PROFESSOR DAVID BATSON: Yeah, and, and —
PROFESSOR SANDRA SELLERS: So I feel bad.

There is more: namely, the other professor’s response.

You can follow the link embedded in the article title to read more; the entire thing is around 2,600 words long, but, very briefly, Mr Frey discusses the obvious impacts of Affirmative Action, that admitting lesser qualified students based on race means that those students, being less well-prepared, are more likely to underperform or fail.

In the meantime, Widener University in Chester, Pennsylvania, has apologized for the private remarks of two nursing professors. At least as far as I can tell from The Philadelphia Inquirer article, there were no racially based comments made, but simply general assessments of their students.

In the video, two members of the nursing faculty at Widener University are discussing their students’ academic progress in blunt terms.

“They’re going to bomb this next test,” one said to the other, who responds, “I think so, too.”

“I don’t care though. Let ‘em fail.” the first one said.

The conversation was meant to be private, according to the university, but the professors mistakenly shared it with their nursing class, causing conversation on social media accounts and outrage among some students, parents and alumni in the Widener community. . . . .

“They do not know anatomy at all,” Francis says on the video, expressing concern that students would “move on” and not “represent the school well.” Marquis said she got so mad at students last year before the pandemic hit that she decided to make her “heart failure” questions harder.

I’m just an evil reich-wing conservative, but it seems to me that when a nursing professor assesses that her students “do not know anatomy at all,” that’s not being mean and cruel and vicious, but a real assessment on something nurses are supposed to know. That statement isn’t one for which the University should apologize, but one which should concern the school about how poorly the students are doing.

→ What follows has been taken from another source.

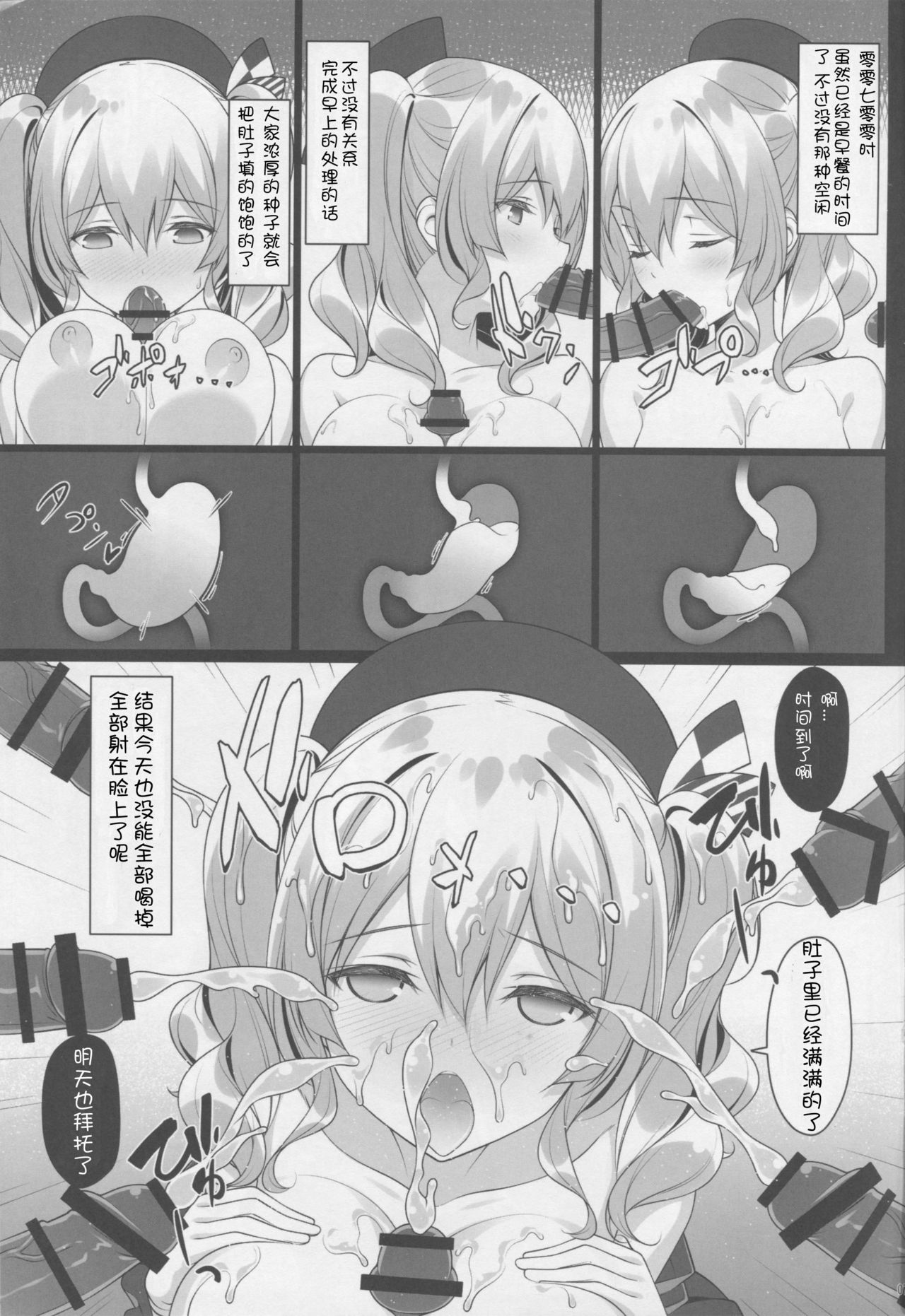 (C90) [勇者様御一行 (ねみぎつかさ)] 子作り練習艦鹿島の種付け時報 (艦隊これくしょん -艦これ-) [中国翻訳]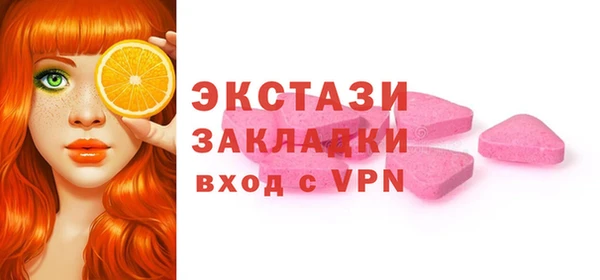 ALPHA-PVP Володарск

If a waitress messes up an order, a customer might not get the food he wanted. If an accountant makes a mistake, the books won’t balance. But if a registered nurse makes a mistake, a patient can die! Depending upon specialty, a nurse has to be able to accurately administer chemotherapy, which is basically the administration of poison into the body in a dose designed to kill cancer cells but not quite kill the patient. A nurse has to be able to accurately assess a patient. A nurse has to be able to read orders and spot errors that a tired doctor might have made.

But now, the most important educational concern is that the school not hurt someone’s precious little feelings. That’s far more important than actually educating students, and granting degrees only to those who have learned the material.

The truth is not always a pleasant thing, but the truth is that not all people were created equal, that some were simply born smarter than others, some simply worked harder than others, some are simply better prepared for academic challenges than others. But as long as we pretend differently, as long as we fail to recognize the plain truth right in front of our faces, we are going to get poorer performances from people who asked for admissions and jobs and roles for which they were simply not well-prepared.

Mr Frey’s article noted the differences between performance in law schools based on race, differences which are very real. My part noted two Widener University professors, and race does not seem to be a part of the equation; the problem was that most of their students, regardless of race, weren’t performing, and weren’t performing in a field of study which could lead to them having other people’s lives in their hands.

The acceptance of mediocrity leads to mediocre performance; the acceptance of the lesser leads to poorer performance.